The plaintiffs’ case relied on Flast v. Cohen, a 1968 Supreme Court ruling that allows taxpayers to mount an Establishment Clause challenge to government spending used to support a religion. In Flast, a group of taxpayers challenged a federal law that permitted government funds to be used to purchase secular textbooks for use in religious schools. Florence Flast argued that the use of taxpayer money in that manner was a violation of the Establishment Clause.
Plaintiffs argued that a similar scenario was at play in Ansley—public funds being used to accommodate the religious intolerance of magistrate judges in McDowell County—but the Fourth Circuit disagreed. The court ruled that under Flast, taxpayers only have standing to challenge spending that involves specific legislative appropriations, which wasn’t the case here.
“As we have noted, S.B. 2 is not an appropriations bill but an attempt to accommodate the employees’ rights of religious conscience with the right of same-sex couples to marry,” the panel concluded.
The appeals court noted that the case “presents one of the most problematic terrains for finding standing—either under general rules or the Flast exception.” General standing rules require an injury in fact, and the appeals court found no such injury in this case. In addition, the court found that the essential ingredients of a Flast claim were missing—there was no specific legislative appropriation or subsidy of a sectarian entity.
“Plaintiffs seek to characterize these expenditures as the ‘lifeblood’ of the statute,” Wilkinson wrote for the panel, “but the inescapable fact is that S.B. 2 is not a spending bill.”
“What we have instead are ‘incidental expenditure[s] of tax funds in the administration of an essentially regulatory statute’ that alters the scope of magistrate duties in performing marriages. As with any regulatory measure, some level of expenditure is necessary to carry out the goals of the program, and the Supreme Court has never found such ancillary spending to provide an adequate basis for standing.”
Wilkinson pointed out that none of the money would go to religious institutions; the funds were simply being shuffled around within the government.
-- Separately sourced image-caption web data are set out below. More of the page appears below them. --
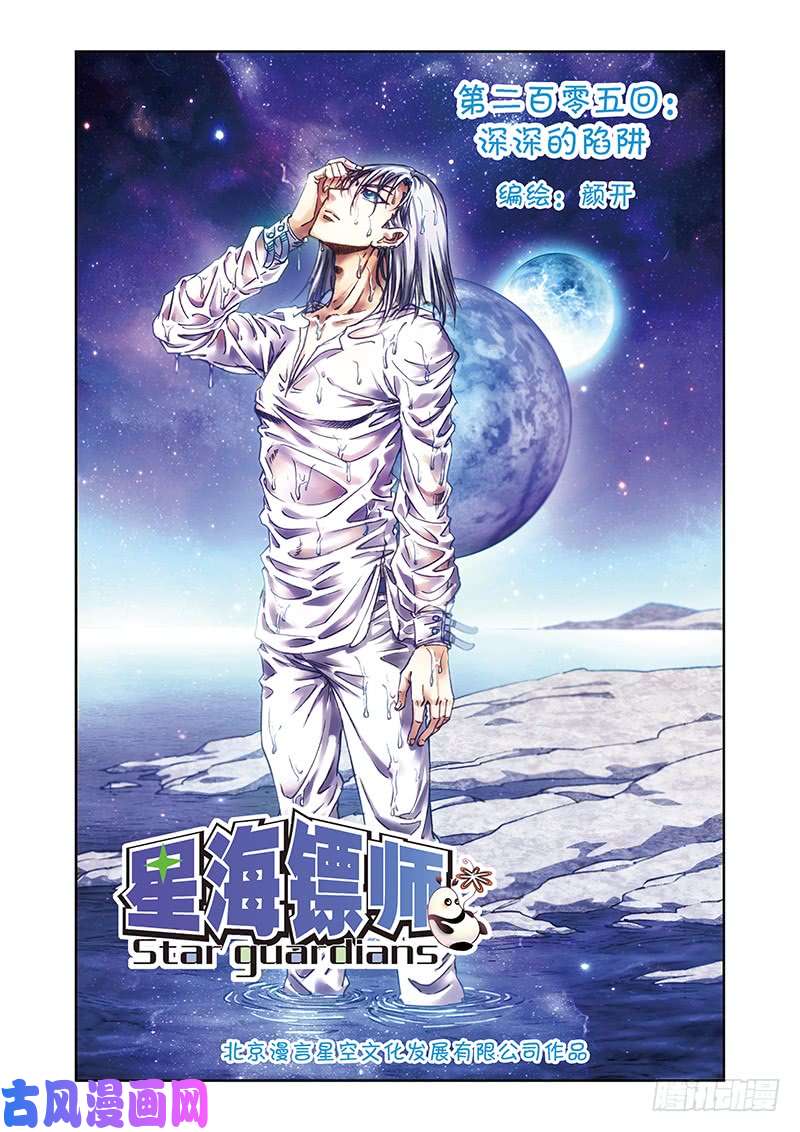 星海镖师205 深深的陷阱 上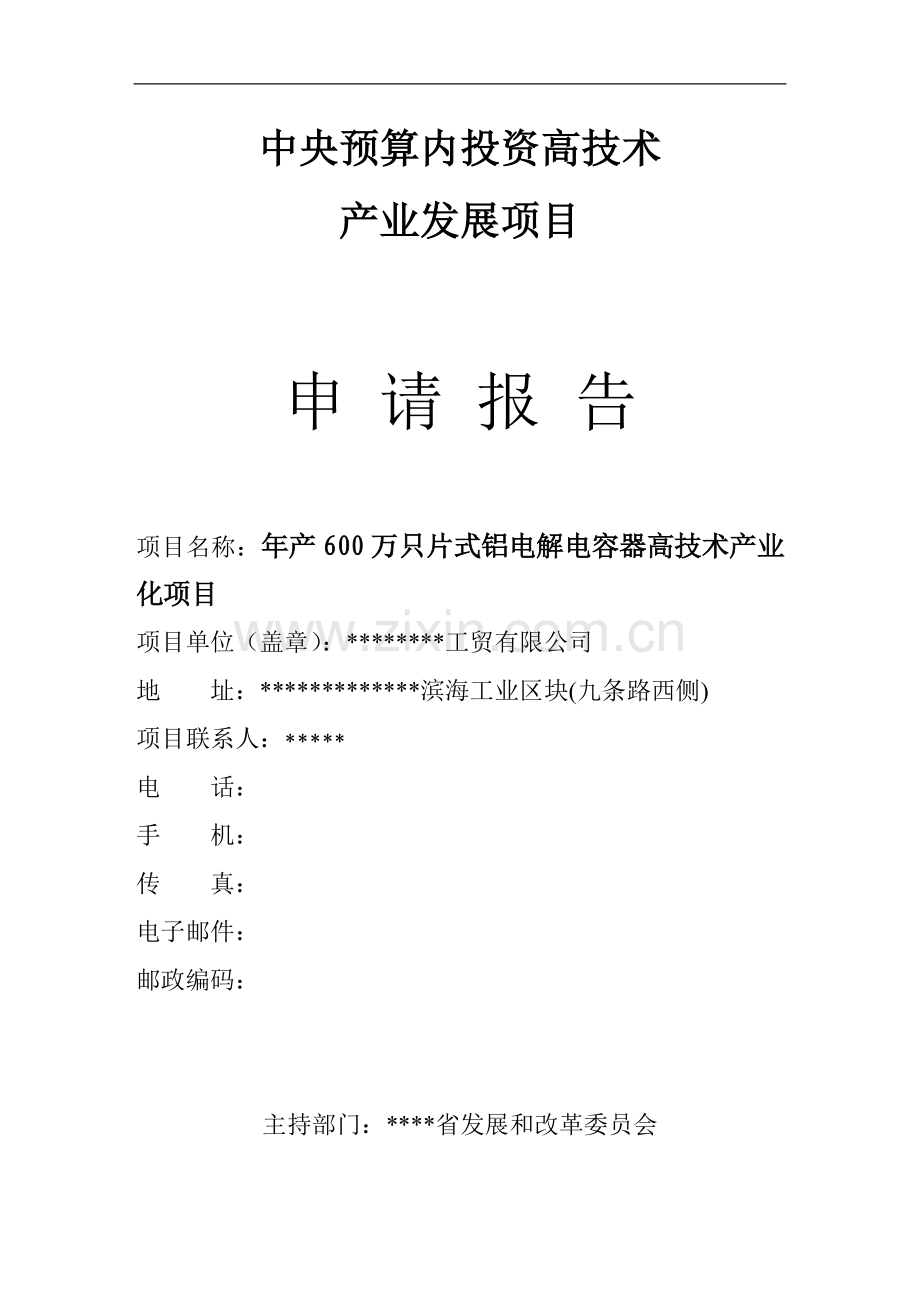 年产600万只片式铝电解电容器高技术产业化项目可行性研究报告书.doc_第1页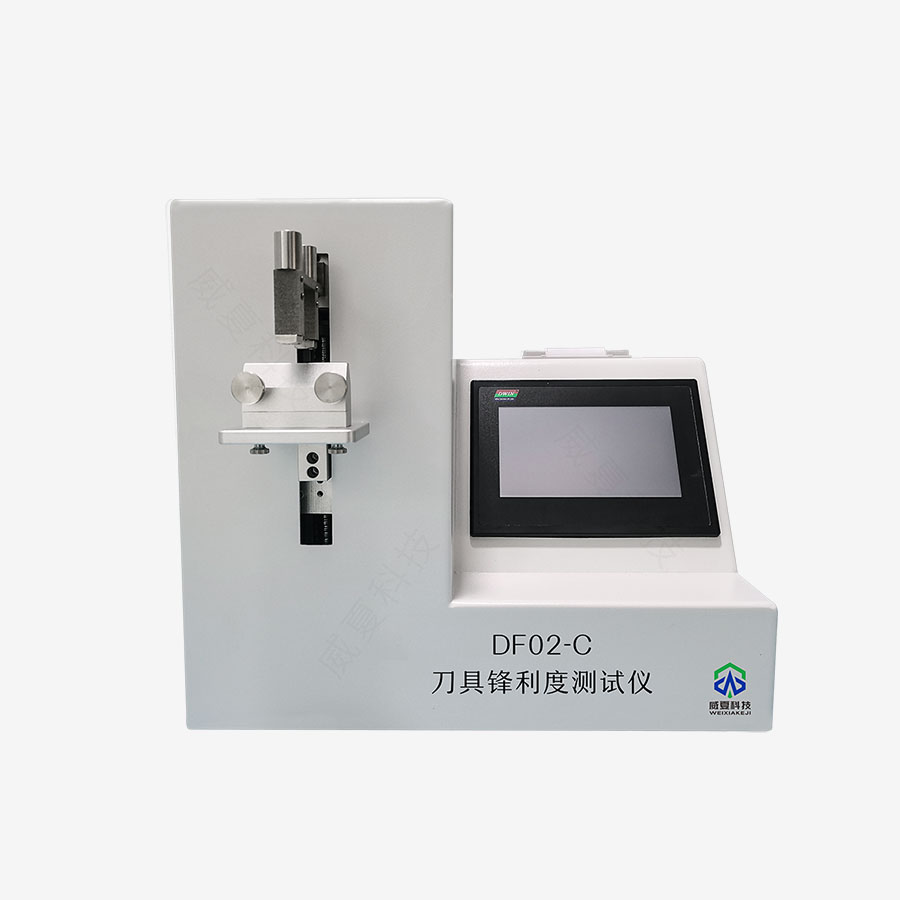 刀具鋒利度計(jì)量儀：精準(zhǔn)測量刀具性能的利器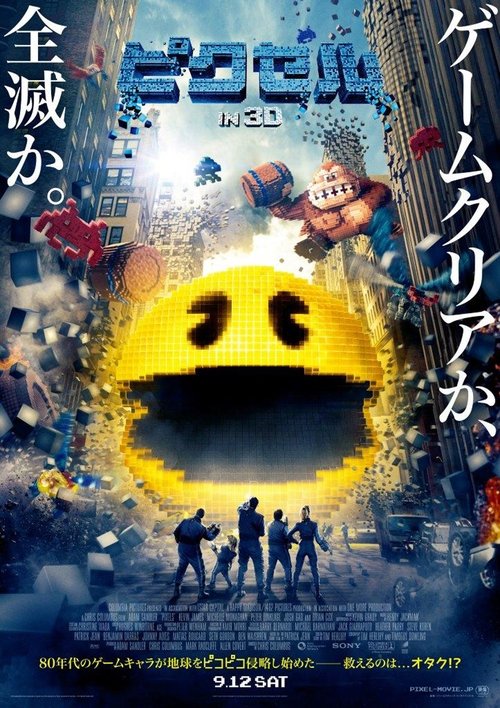 ピクセル (2015) Watch Full Movie Streaming Online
The Supreme Court has repeatedly ruled that the taxpayer’s interest in making sure her tax dollars are spent in accordance with the Constitution is too attenuated and generalized to confer standing. There are a few exceptions—for instance, when a specific legislative appropriation is used to subsidize a sectarian entity, as in Flast—but generally citizens do not have standing to challenge how their taxpayer dollars are used.
Former Gov. Pat McCrory (R) vetoed SB 2 in May 2015, despite his opposition to same-sex marriage. He argued that public officials need to uphold the law regardless of their personal religious beliefs. The Republican-controlled legislature overrode his veto in June 2015.